"Britney kalk artık."
"Britney kime diyorum?"
"Bu davranış asla bir hanımefendiye yakışmazdı."
"Kendinden utanmalısın Britney Wilson."
Sertçe kapanan kapı sesi.
Ohh be sonun da gitti. Tanrı aşkına bu kadın kafayı yemiş. Gerçekten hangi manyak çocuğunu uyanması gereken saatten 1,5 saat önce kaldırmaya çalışır ki? Bilmiyor musunuz ? Tabi ki benim çatlak terbiye takıntılısı annem.
Peki benim neden bu kadar erken kalktığımı merak ediyor musunuz? O zaman hemen söyleyeyim. Annemin demesine göre uyandıktan sonra 1 saat boyunca gözlerim şiş görünüyormuş ve ben insanlara sürekli uyuyan -halbuki sürekli uyurum- izlenimi vermemek için gözlerimin şişliği geçene kadar evde boş boş oturuyorum. Çok eğlenceli değil mi? Biliyorum.
Kapının kapalı olduğundan emin olduktan sonra zorla araladığım gözlerimi perdeleri sonuna kadar açılmış cama götürdüm.
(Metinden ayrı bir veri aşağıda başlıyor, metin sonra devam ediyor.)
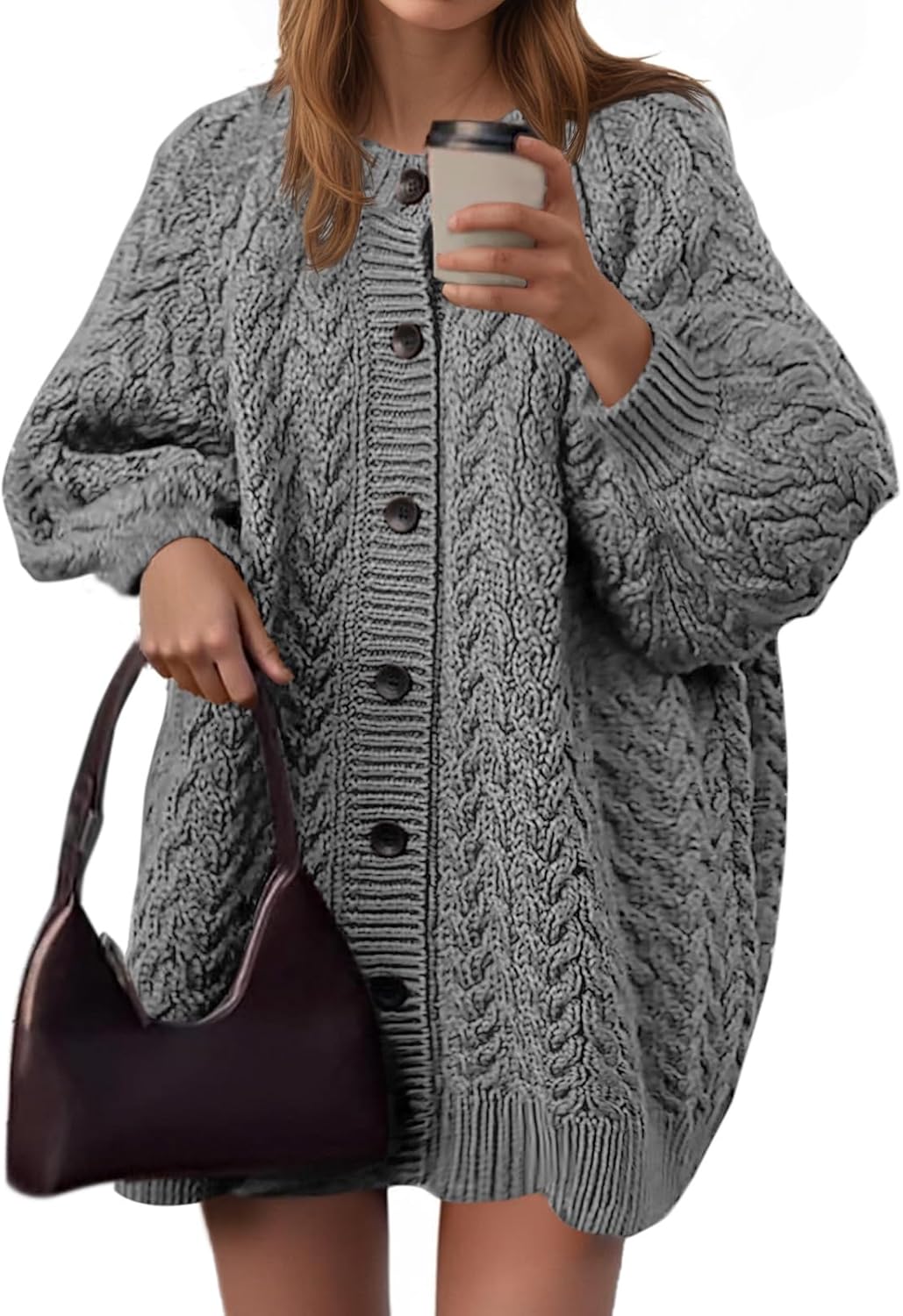 Saodimallsu Womens Cable Knit Cardigans Oversized Chunky Button Down Long Lantern Sleeve Crew Neck Warm Sweater Dress
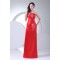 Strapless Silk like Satin Sheath/Column Beaded Long Red Prom/Formal Evening Dresses 02020409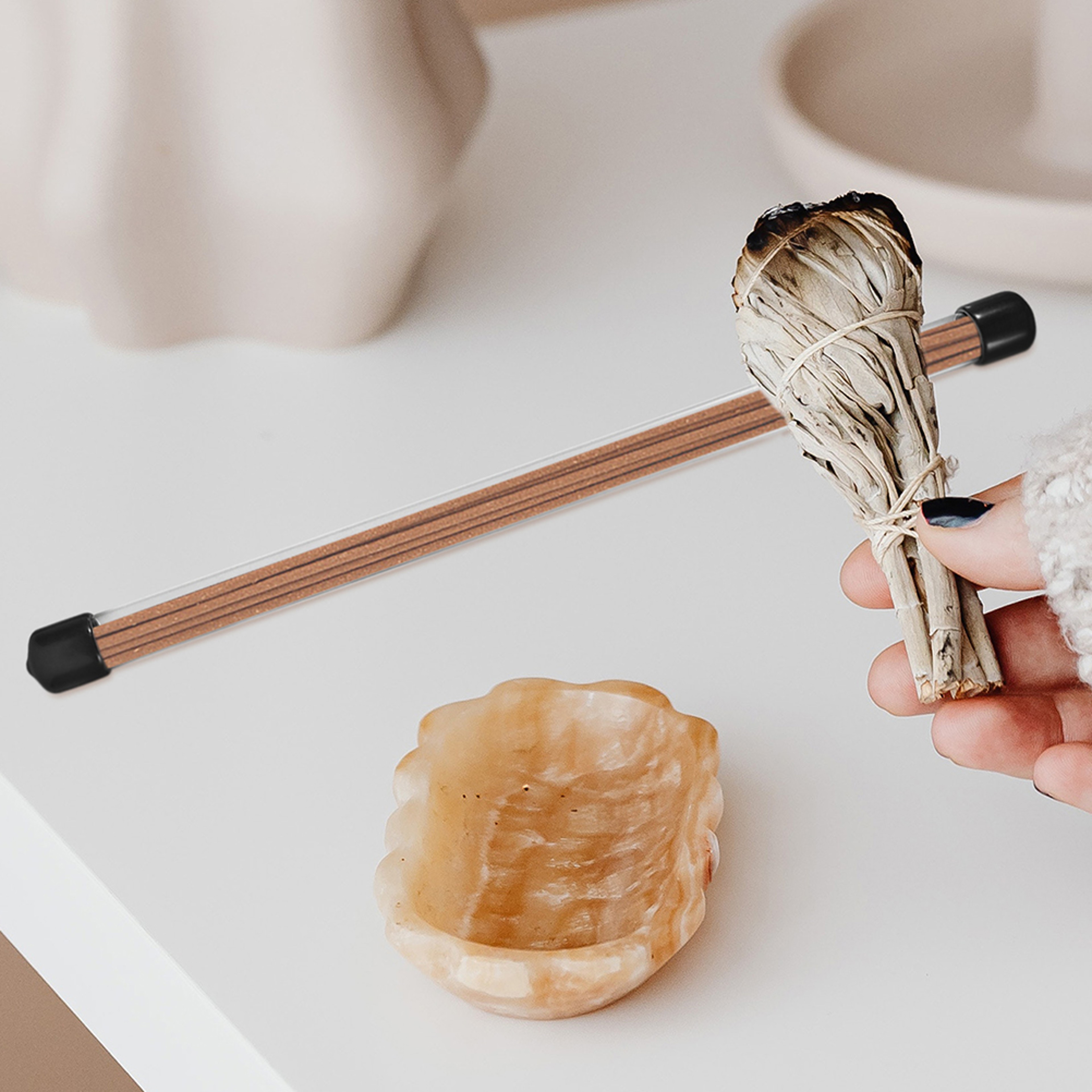 Portable incense holder tubes set Transparent incense storage containers with airtight lids – view 3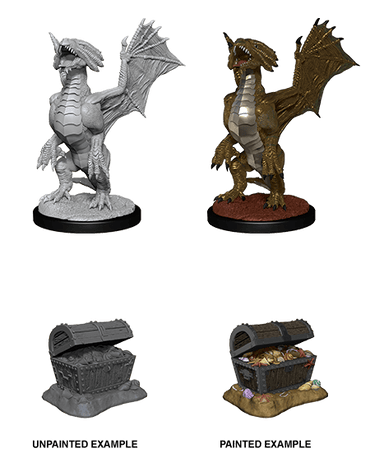 D&D NMM W13 Bronze Dragon Wyrmling & Pile of Sea Treasure unpainted miniature
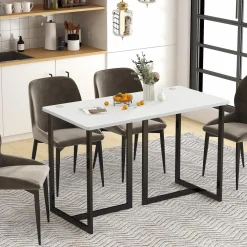 Tangkula 48 Inch Modern White Computer Desk, Writing Study Desk with Metal Frame & 2 Cable Management Holes, Black & White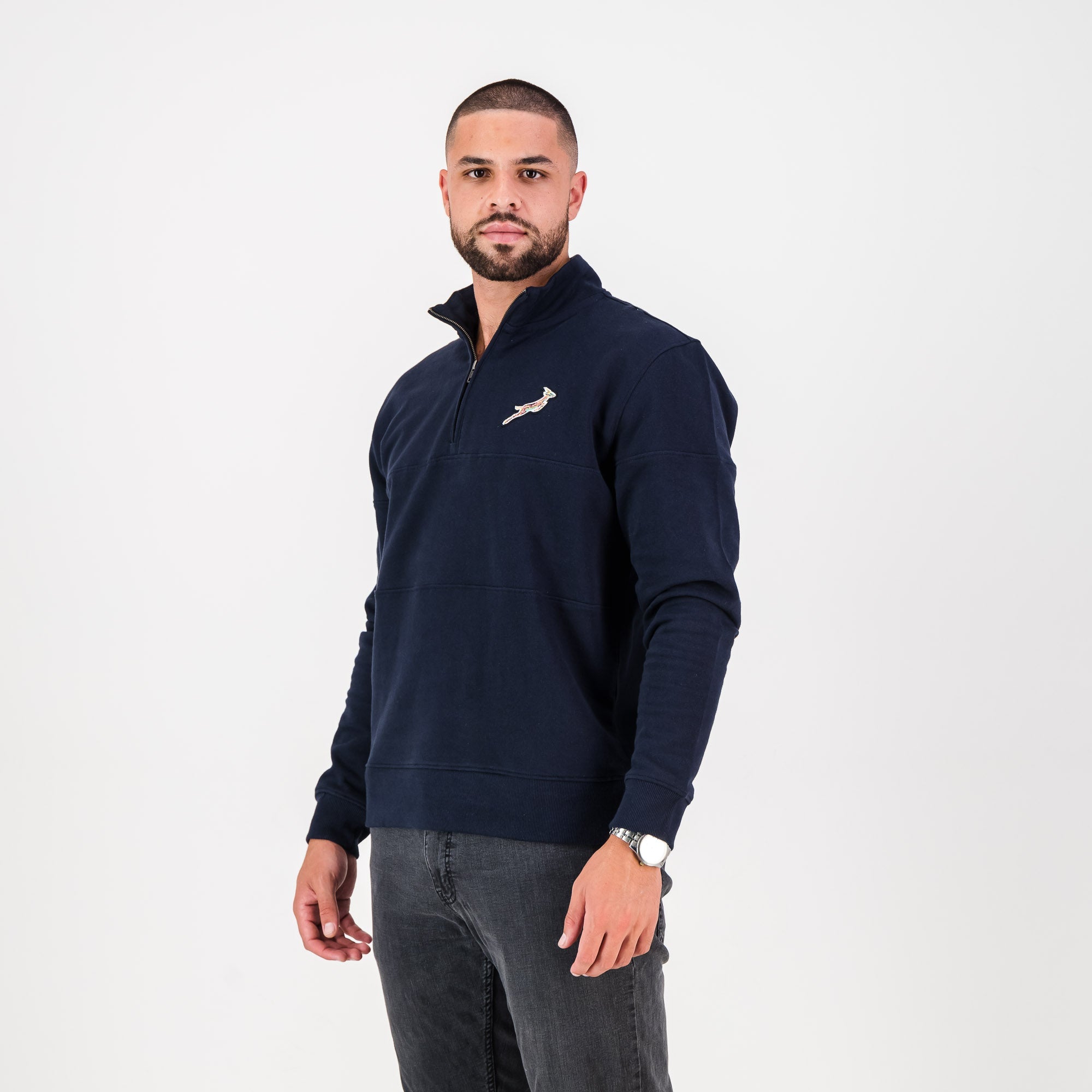 Springboks Pop Art Quarter Zip Sweat - Navy - Old School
Bir kaç esneme hareketinden sonra yorganı da üzerimden tekmelememe rağmen hala yatakta bir o tarafa bir bu tarafa yuvarlanıyordum.
Ahh Brit annen senin bu halini görse ne kadar üzülürdü kim bilir...
Canın cehenneme iç ses bozuntusu.
Sonunda ayaklarımı soğuk -pekala çok soğuk- zemine basmayı başardığımda doğruca banyoya ilerleyip kısa bir duş aldım. Tekrar odama döndüğümde dolaptan pileli eteğimi - Size annemin terbiye takıntısı olduğunu söylemiştim ve bu çok rahatsız edici- beyaz bir tşört ve dizlerimin biraz üstünde biten hırkamı çıkardım. Saçlarımda ki havluyu bırakıp iç çamaşırlarımı ve uzun siyah çoraplarımı giydim. Tekrar giysilerime yöneldiğimde beklemeden onlarıda giyip ayna karşısına geçtim. Kumral saçlarım hafif nemliydi ama idare edebilirdim. Tarakla düzgün bir şekilde ortadan ikiye ayırıp örmeye başladım. Tıpkı annemin istediği gibi. Sonunda hazır olduğumda masadan gözlüklerimide alıp mutfağa indim. Yardımcımız Rose bana sıcak bir gülümseme vererek portakal suyumu doldurmaya başladı.
"Bugün biyoloji sınavın var Britney. Çalıştın değil mi?" Tek kaşı havada asılı kalarak sorduğu bu soruya başımı sallamakla yetindim.
"Yanlış Britney. Birisi sana bir şey sorduğunda evet yada hayır diyeceksin." Pekala sadece biraz daha dayanmalıyım. Sonrasında bütün gün boyunca yüzünü görmek zorunda kalmayacaktım.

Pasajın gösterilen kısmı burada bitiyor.